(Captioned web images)
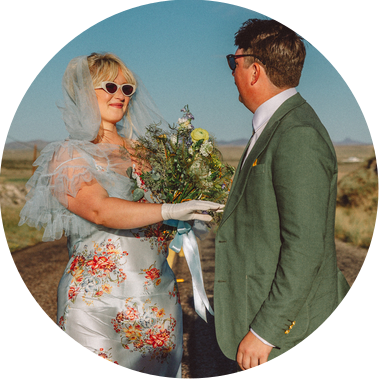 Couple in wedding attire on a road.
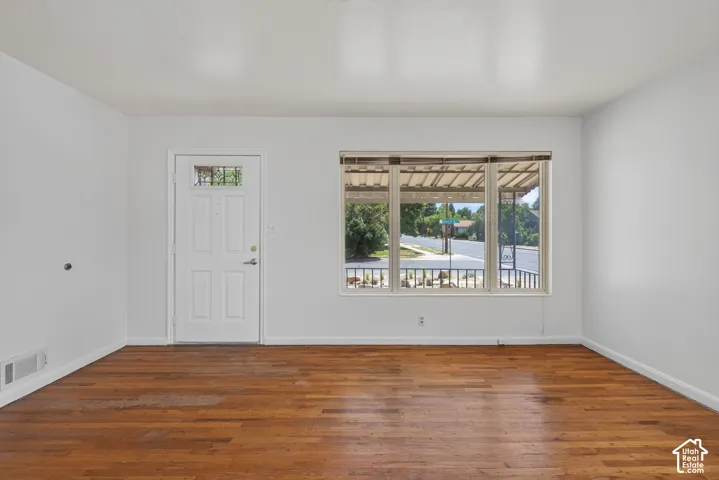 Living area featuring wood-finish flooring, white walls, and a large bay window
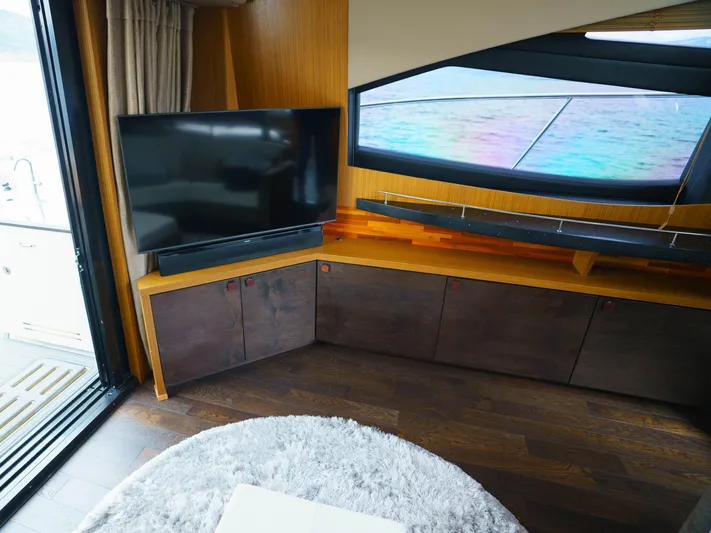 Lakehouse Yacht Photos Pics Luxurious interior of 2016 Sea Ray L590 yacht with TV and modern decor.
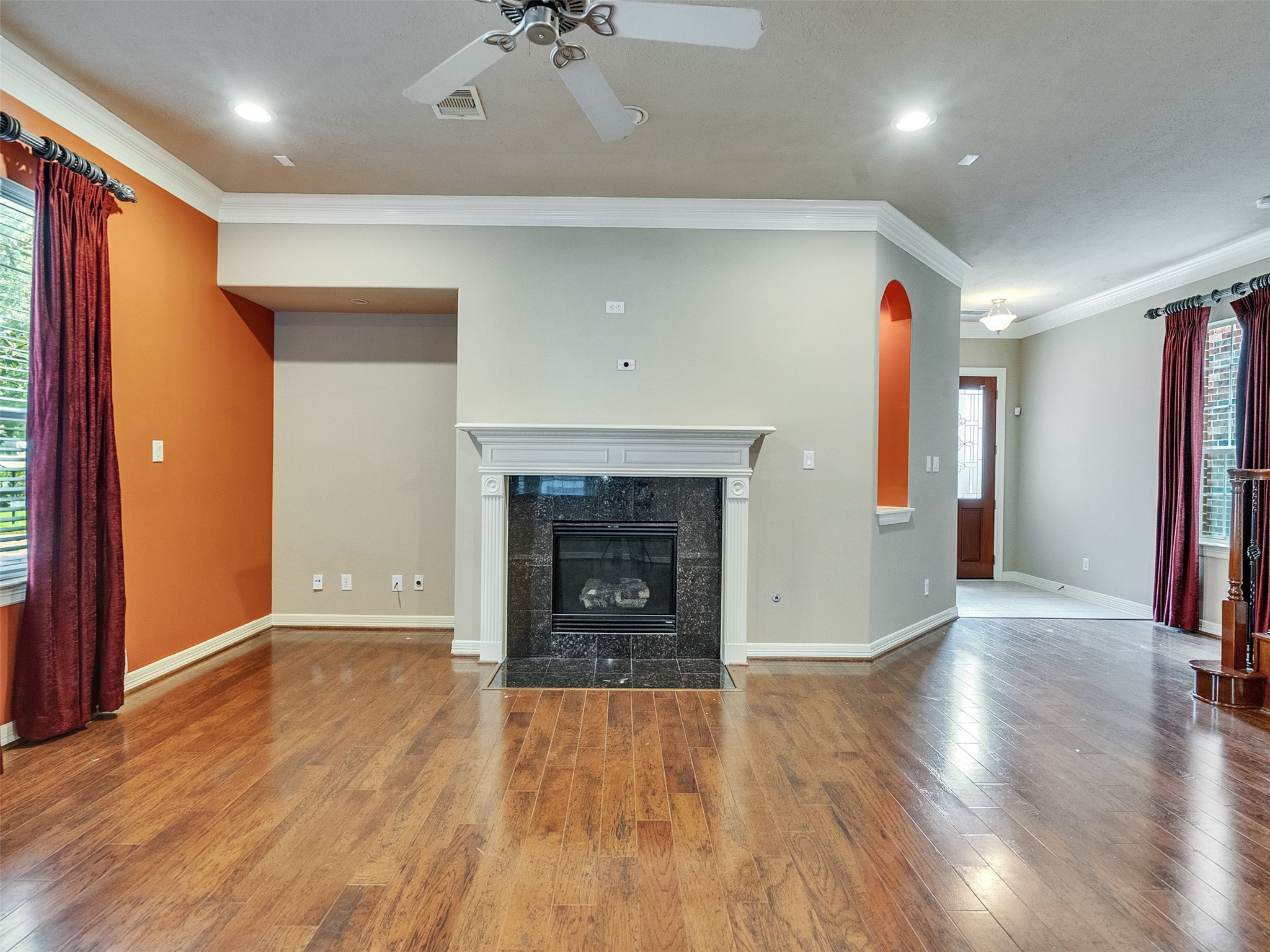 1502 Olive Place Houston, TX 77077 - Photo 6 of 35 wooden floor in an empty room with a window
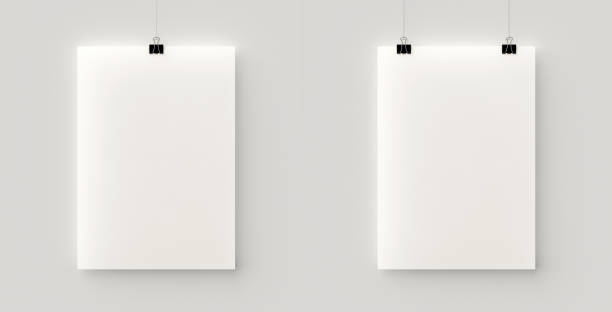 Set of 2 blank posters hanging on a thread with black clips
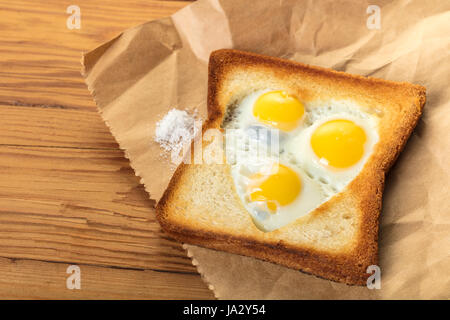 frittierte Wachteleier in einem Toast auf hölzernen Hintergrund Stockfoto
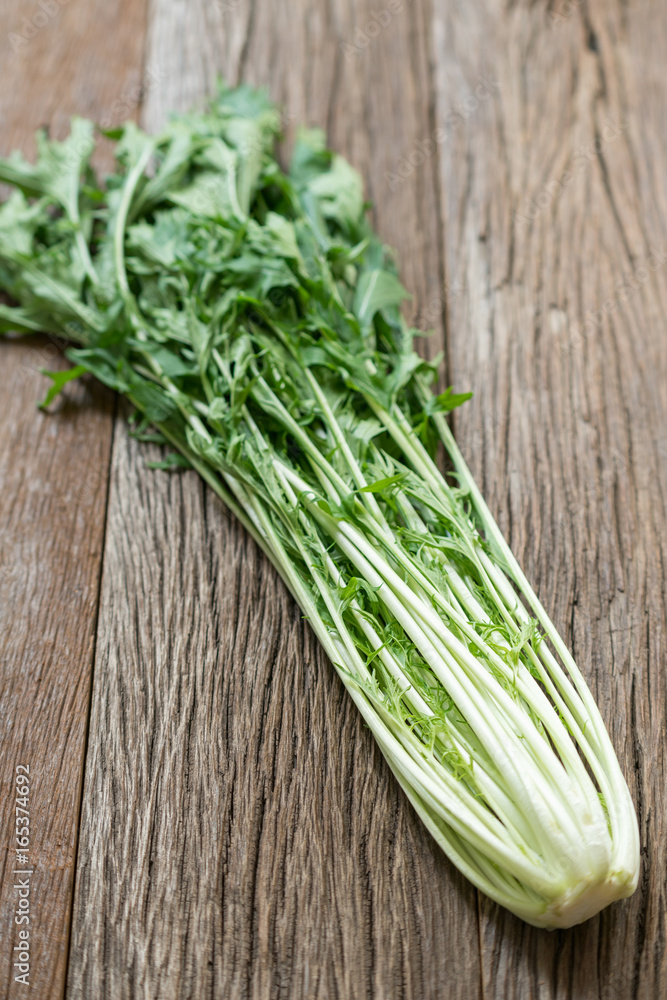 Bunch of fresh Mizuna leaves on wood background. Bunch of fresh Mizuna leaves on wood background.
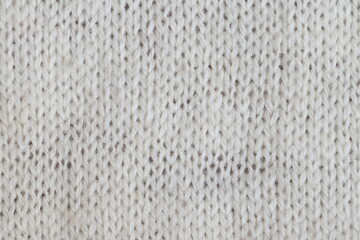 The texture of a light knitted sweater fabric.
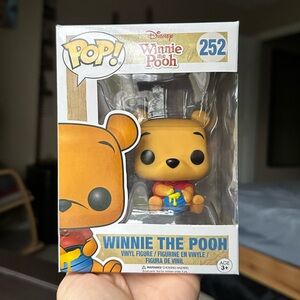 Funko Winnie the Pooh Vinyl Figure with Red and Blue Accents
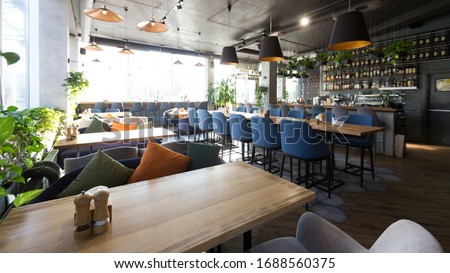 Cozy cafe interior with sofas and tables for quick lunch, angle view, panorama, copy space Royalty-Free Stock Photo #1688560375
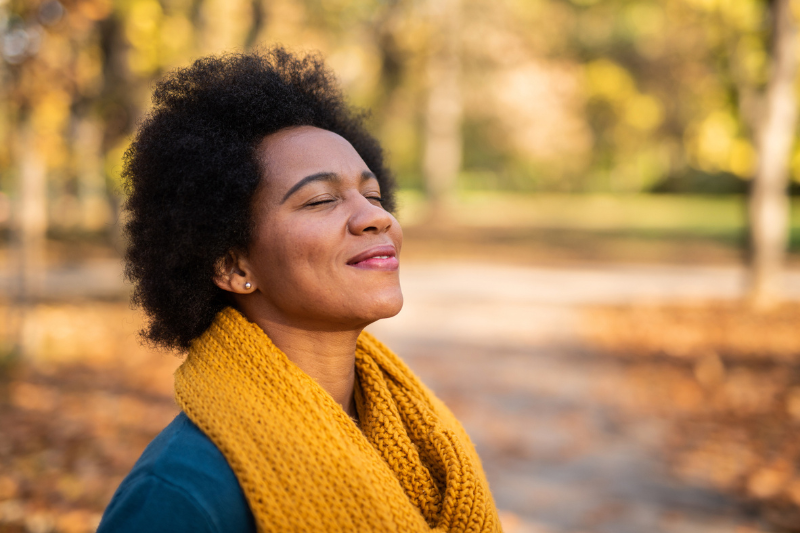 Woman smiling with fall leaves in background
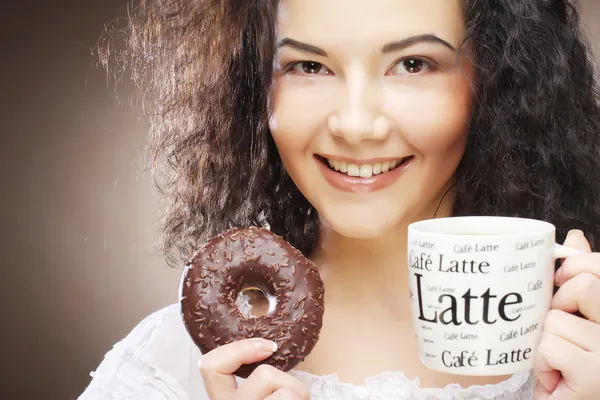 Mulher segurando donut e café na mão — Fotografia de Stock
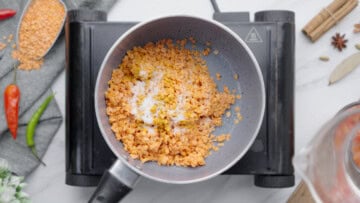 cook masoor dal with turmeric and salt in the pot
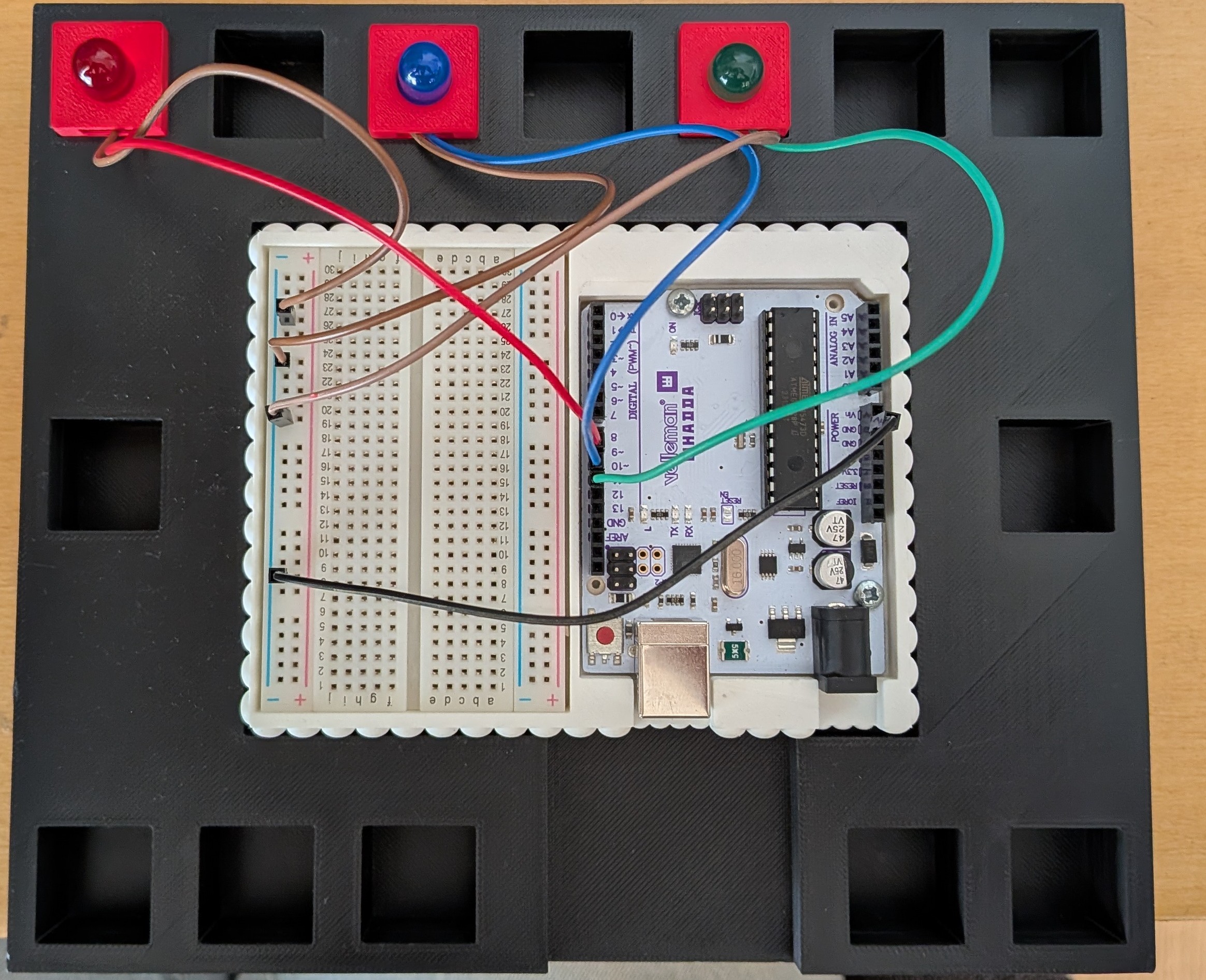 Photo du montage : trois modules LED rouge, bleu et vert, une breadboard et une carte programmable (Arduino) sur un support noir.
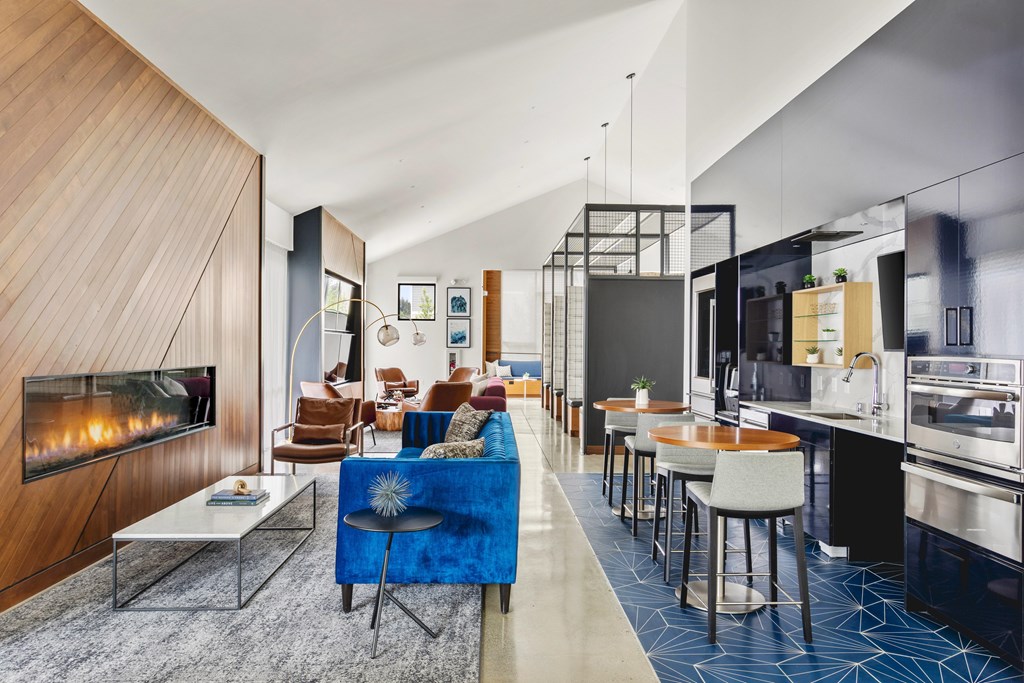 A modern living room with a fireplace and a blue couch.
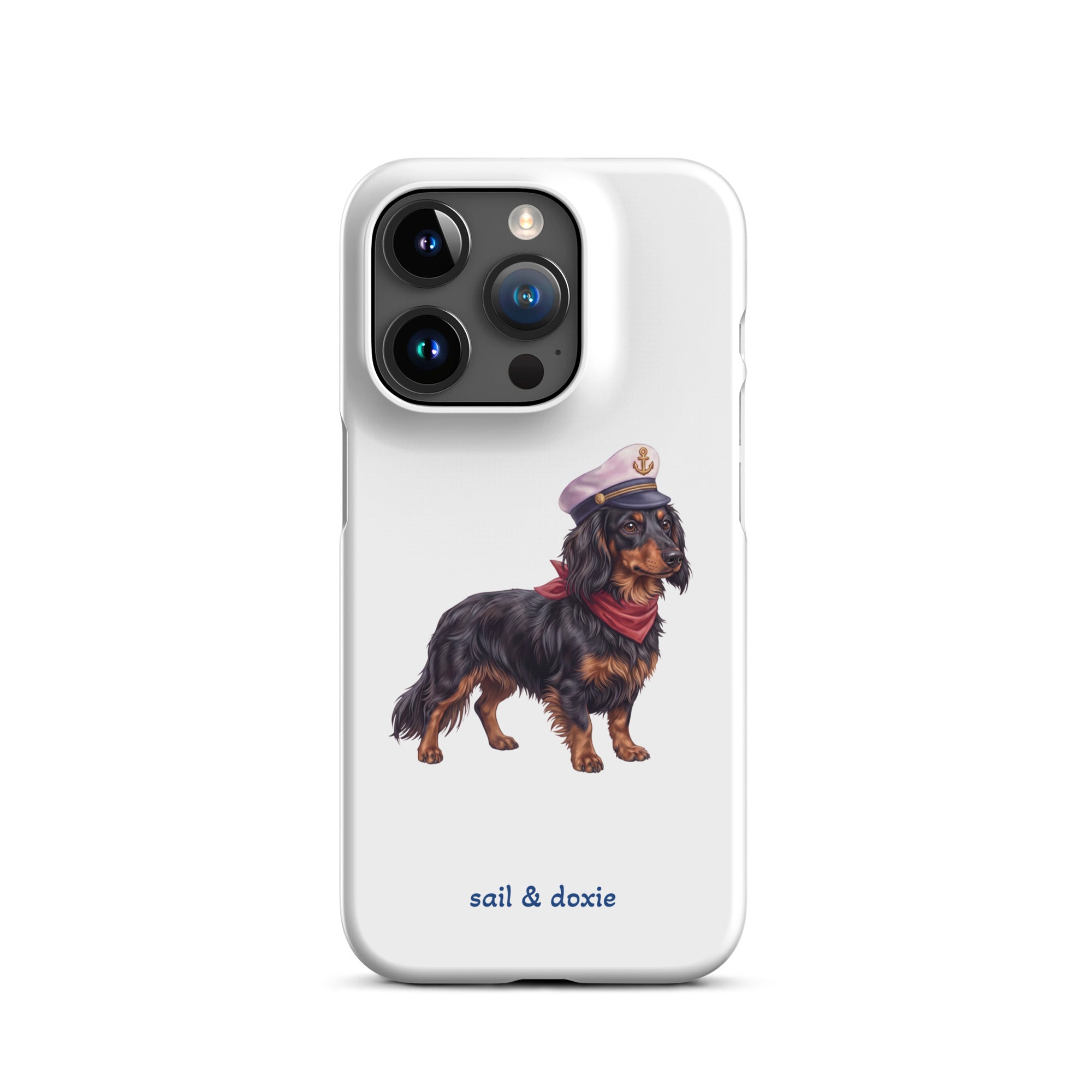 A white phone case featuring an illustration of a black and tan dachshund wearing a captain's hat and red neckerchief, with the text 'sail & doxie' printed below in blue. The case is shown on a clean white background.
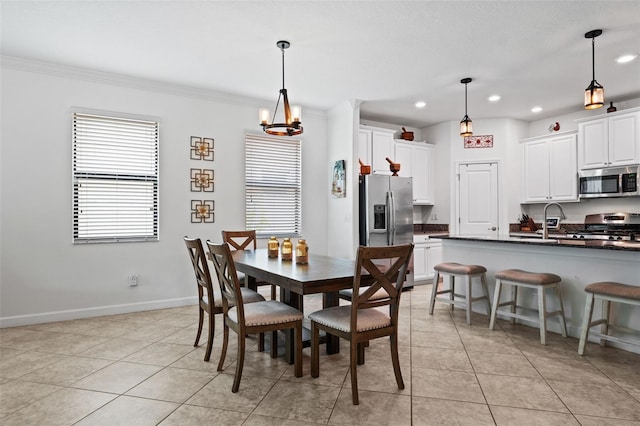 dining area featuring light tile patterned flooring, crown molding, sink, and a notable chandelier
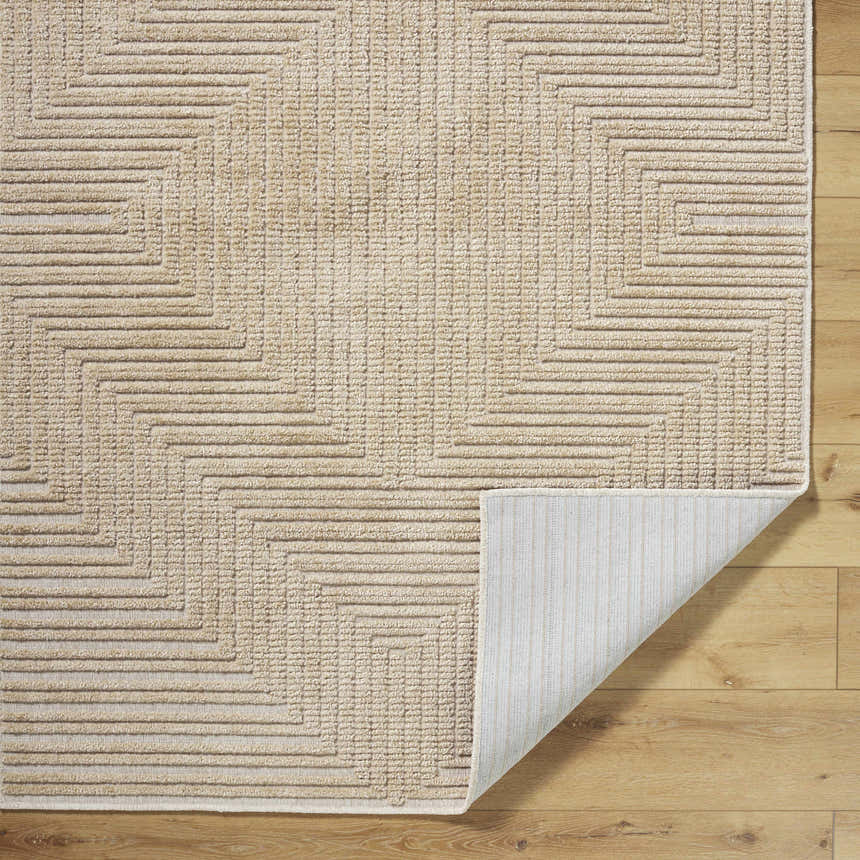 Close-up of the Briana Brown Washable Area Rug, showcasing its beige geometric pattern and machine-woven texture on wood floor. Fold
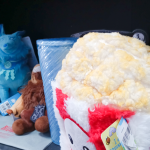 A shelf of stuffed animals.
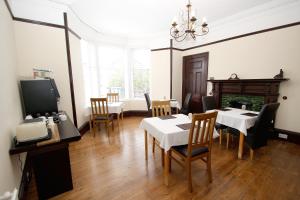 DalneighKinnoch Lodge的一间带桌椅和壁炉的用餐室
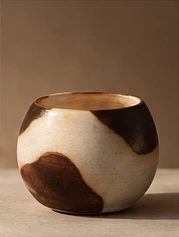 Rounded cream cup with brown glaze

● Task: Provide the lines again, unchanged, from where the data above begins through the line containing "Woman smiling with fall leaves in background", both ends included, omitting pictures and adding nothing.

● Answer space:
 Couple in wedding attire on a road.
 Living area featuring wood-finish flooring, white walls, and a large bay window
 Lakehouse Yacht Photos Pics Luxurious interior of 2016 Sea Ray L590 yacht with TV and modern decor.
 1502 Olive Place Houston, TX 77077 - Photo 6 of 35 wooden floor in an empty room with a window
 Set of 2 blank posters hanging on a thread with black clips
 frittierte Wachteleier in einem Toast auf hölzernen Hintergrund Stockfoto
 Bunch of fresh Mizuna leaves on wood background. Bunch of fresh Mizuna leaves on wood background.
 The texture of a light knitted sweater fabric.
 Funko Winnie the Pooh Vinyl Figure with Red and Blue Accents
 Cozy cafe interior with sofas and tables for quick lunch, angle view, panorama, copy space Royalty-Free Stock Photo #1688560375
 Woman smiling with fall leaves in background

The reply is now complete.